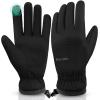 imageihuan Winter Waterproof Ski Gloves Men Women Snow Warm Cycling Cold Weather Driving Biking RunningDark Black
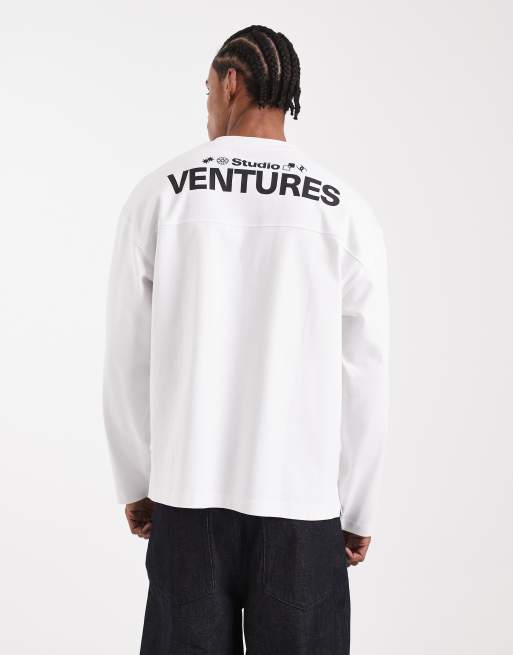 ASOS DESIGN – Circular Design Collection – Superschweres Oversize-T-Shirt in Weiß mit „Venture Studios“-Grafik, 5 von 5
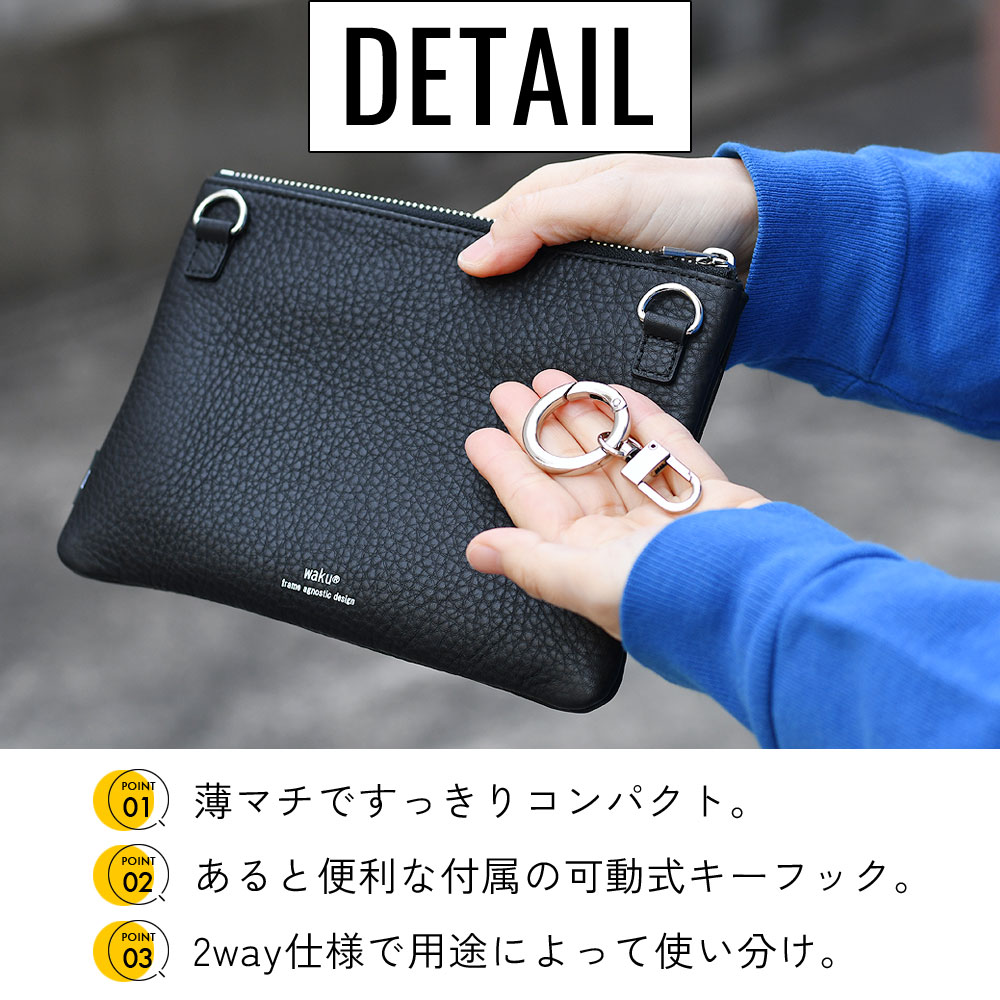 waku ミニショルダーバッグ 本革 レディース WAKU ワク スクエア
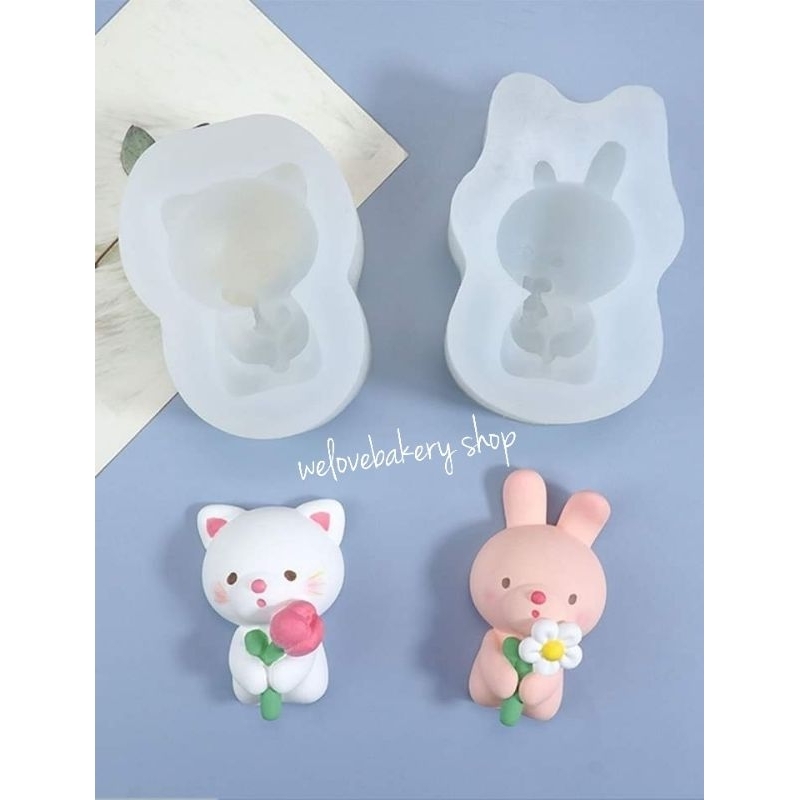 พิมพ์ซิลิโคนลายแมว กระต่าย(เลือกแบบ)
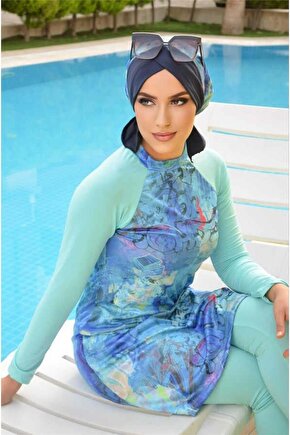Mavi Su Yeşili Desen Tesettür Mayo Takım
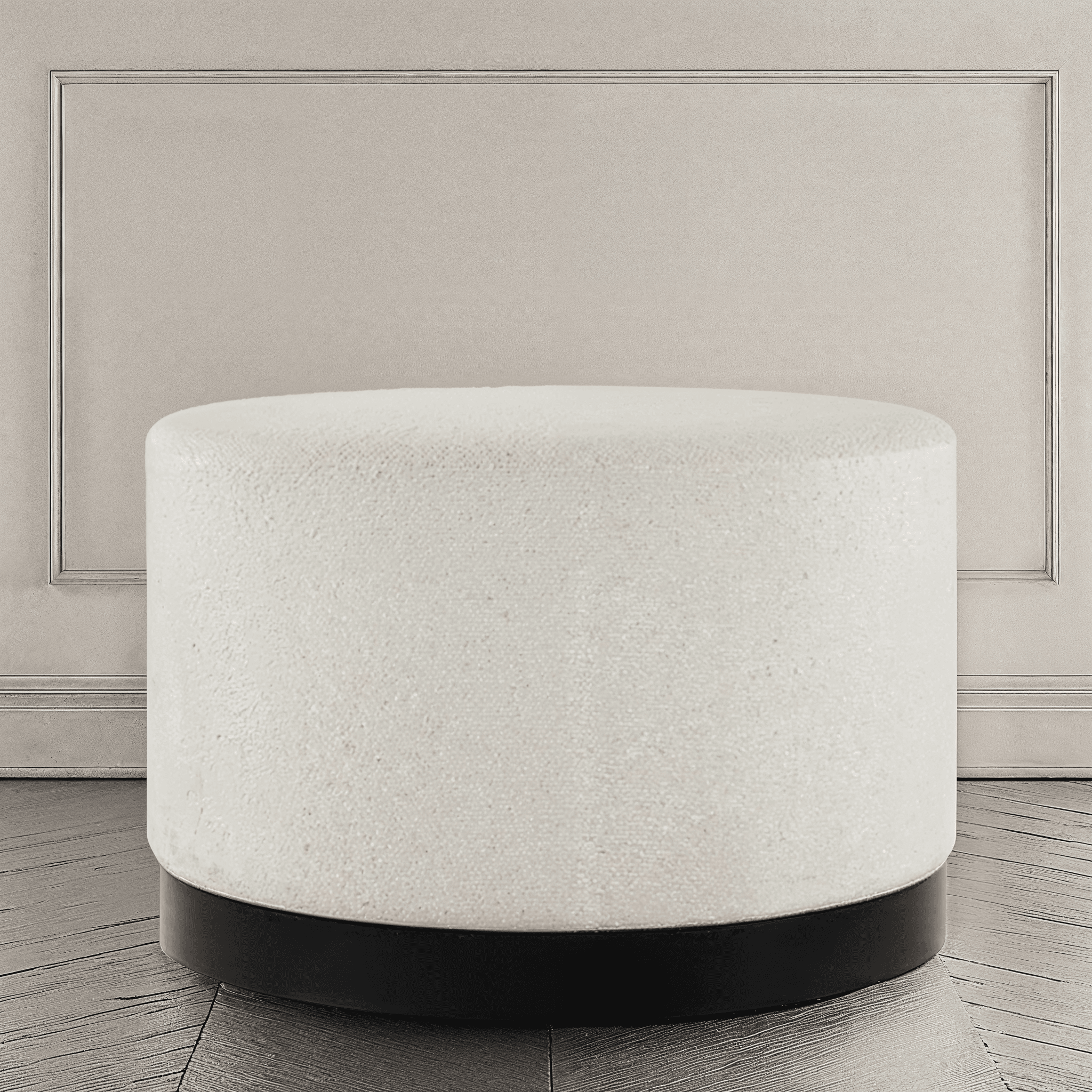 Jaycee Cream Boucle & Black Large Round Stool Furniture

> Exercise description
Only the lines from the one containing "waku ミニショルダーバッグ 本革 レディース WAKU ワク スクエア" through the final line of the data should be given again, exactly and without pictures.

> Result of this task
 waku ミニショルダーバッグ 本革 レディース WAKU ワク スクエア
 พิมพ์ซิลิโคนลายแมว กระต่าย(เลือกแบบ)
Mavi Su Yeşili Desen Tesettür Mayo Takım
 Jaycee Cream Boucle & Black Large Round Stool Furniture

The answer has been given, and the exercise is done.